Ombudsman: Bukan Ganjil Genap, yang Diperlukan Pembatasan Pegawai di Instansi Pemerintah
loading...
A
A
A
JAKARTA - Ombudsman Republik Indonesia Perwakilan Jakarta Raya (Ombudsman Jakarta Raya) mempertanyakan alasan Dinas Perhubungan (Dishub) DKI Jakarta memberlakukan ganjil genap mulai Senin, 3 Agustus 2020. Pemberlakuan ganjil genap di tengah kenaikan angka Covid yang terus naik di Jakarta merupakan keputusan yang tergesa-gesa dan tidak memiliki perspektif yang utuh tentang kebencanaan.

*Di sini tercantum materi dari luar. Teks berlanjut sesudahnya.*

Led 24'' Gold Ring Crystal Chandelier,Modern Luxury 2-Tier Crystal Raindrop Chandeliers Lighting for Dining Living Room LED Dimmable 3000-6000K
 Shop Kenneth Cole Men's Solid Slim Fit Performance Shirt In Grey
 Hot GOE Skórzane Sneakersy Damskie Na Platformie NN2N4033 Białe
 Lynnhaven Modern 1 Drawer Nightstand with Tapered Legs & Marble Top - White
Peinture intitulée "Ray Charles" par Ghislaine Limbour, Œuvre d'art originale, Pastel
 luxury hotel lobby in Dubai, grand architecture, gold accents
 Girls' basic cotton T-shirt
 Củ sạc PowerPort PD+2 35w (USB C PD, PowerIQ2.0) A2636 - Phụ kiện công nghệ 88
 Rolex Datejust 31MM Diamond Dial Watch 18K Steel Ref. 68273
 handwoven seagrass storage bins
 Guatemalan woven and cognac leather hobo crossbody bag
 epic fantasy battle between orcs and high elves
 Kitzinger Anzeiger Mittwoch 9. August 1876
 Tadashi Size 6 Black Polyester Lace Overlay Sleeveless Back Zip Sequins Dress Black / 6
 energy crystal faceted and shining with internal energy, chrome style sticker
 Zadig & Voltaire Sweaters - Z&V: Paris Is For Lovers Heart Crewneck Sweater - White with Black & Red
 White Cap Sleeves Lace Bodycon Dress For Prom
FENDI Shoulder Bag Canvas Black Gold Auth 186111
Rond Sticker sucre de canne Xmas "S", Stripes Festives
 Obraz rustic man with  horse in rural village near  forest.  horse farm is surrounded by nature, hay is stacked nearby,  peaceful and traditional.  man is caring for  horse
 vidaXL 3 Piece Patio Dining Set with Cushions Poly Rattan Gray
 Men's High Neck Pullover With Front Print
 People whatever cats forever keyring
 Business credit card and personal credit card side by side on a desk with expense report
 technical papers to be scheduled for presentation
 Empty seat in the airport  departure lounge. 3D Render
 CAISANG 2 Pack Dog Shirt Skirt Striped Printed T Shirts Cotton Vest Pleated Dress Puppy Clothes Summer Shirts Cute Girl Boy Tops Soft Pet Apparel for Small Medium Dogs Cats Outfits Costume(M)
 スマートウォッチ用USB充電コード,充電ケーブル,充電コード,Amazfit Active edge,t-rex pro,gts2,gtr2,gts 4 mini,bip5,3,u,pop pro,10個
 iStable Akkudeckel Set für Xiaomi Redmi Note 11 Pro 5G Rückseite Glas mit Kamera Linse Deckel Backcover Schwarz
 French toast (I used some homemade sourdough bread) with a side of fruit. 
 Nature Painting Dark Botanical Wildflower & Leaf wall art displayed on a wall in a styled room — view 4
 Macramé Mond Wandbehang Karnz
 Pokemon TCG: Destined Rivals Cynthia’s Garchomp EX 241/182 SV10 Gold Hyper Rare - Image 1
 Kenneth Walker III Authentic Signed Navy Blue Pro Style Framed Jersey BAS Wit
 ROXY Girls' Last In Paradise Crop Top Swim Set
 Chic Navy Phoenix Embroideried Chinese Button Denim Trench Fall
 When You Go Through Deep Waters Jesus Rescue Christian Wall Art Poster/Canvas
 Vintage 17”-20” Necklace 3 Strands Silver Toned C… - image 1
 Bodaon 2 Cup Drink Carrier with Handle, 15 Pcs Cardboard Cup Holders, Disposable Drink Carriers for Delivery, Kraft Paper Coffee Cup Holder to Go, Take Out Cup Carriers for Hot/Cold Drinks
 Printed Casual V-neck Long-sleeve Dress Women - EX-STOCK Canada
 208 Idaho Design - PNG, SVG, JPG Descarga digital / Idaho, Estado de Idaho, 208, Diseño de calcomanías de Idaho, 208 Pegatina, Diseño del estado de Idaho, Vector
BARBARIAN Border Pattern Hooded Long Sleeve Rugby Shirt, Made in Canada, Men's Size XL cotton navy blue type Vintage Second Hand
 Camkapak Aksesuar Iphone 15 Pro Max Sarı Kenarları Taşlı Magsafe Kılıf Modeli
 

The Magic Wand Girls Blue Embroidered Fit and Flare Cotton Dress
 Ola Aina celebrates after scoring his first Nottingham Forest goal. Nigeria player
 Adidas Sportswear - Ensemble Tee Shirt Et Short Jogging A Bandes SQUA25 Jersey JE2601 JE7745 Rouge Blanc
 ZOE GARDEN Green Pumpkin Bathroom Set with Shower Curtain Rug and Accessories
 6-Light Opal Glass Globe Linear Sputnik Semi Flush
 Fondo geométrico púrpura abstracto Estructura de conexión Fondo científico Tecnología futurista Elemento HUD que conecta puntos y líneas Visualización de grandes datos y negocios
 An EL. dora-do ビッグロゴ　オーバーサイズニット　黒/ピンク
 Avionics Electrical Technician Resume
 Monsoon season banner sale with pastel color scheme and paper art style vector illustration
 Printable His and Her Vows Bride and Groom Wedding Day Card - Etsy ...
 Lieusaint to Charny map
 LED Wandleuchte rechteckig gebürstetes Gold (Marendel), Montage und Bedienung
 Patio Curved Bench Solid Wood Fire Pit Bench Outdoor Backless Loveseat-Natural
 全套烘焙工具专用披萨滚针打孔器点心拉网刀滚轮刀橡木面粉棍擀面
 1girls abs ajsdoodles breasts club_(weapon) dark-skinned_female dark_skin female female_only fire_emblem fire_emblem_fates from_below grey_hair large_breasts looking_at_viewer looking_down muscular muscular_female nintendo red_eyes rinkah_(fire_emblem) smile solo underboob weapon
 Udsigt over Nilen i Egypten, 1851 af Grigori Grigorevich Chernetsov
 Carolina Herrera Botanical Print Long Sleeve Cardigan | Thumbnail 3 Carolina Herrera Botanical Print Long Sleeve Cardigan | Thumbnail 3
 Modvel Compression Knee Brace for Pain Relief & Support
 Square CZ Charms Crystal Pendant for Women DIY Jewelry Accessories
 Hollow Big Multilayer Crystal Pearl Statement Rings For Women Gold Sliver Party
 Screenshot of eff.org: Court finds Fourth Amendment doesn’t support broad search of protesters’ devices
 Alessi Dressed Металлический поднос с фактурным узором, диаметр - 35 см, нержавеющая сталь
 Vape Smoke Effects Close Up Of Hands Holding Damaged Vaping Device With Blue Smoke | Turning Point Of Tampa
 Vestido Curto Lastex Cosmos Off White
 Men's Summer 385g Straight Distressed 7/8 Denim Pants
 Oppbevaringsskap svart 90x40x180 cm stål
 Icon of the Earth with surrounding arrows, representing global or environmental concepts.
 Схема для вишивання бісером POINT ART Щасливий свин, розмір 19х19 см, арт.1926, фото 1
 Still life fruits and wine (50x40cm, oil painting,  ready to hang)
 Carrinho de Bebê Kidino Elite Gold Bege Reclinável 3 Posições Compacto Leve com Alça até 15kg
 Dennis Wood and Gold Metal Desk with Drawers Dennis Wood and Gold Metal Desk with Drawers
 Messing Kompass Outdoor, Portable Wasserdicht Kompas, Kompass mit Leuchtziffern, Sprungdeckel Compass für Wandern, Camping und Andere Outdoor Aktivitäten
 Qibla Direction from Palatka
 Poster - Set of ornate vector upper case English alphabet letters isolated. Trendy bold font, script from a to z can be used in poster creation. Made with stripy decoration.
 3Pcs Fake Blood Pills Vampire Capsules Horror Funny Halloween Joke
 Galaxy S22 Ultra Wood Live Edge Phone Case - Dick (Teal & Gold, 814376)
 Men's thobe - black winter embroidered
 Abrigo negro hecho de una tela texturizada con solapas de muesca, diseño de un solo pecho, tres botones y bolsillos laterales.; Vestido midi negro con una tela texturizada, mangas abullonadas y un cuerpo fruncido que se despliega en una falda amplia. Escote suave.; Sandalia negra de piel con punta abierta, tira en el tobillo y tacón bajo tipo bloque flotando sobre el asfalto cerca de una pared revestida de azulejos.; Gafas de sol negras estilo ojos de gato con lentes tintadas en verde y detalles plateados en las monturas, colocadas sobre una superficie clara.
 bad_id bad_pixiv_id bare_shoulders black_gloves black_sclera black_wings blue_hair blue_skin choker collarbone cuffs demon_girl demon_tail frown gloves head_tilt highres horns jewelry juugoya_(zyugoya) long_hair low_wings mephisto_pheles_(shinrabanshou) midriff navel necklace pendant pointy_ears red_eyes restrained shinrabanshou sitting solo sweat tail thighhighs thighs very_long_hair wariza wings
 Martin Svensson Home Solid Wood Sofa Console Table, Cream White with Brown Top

Kepala Perwakilan Ombudsman Jakarta Raya, Teguh P. Nugroho mengatakan, penyelesaian kemacetan di Jakarta selama masa PSBB transisi I dan II harus berangkat dari akar masalahnya. Ombudsman Jakarta Raya menengarai tingginya angka pelaju dari wilayah penyangga Jakarta yang menyebabkan kemacetan di jam-jam sibuk dan penumpukan penumpang di transportasi publik khususnya Commuter Line disebabkan oleh ketidakpatuhan instansi pemerintah, BUMN dan BUMD juga perusahaan swasta dalam membatasi jumlah pegawainya yang harus masuk bekerja.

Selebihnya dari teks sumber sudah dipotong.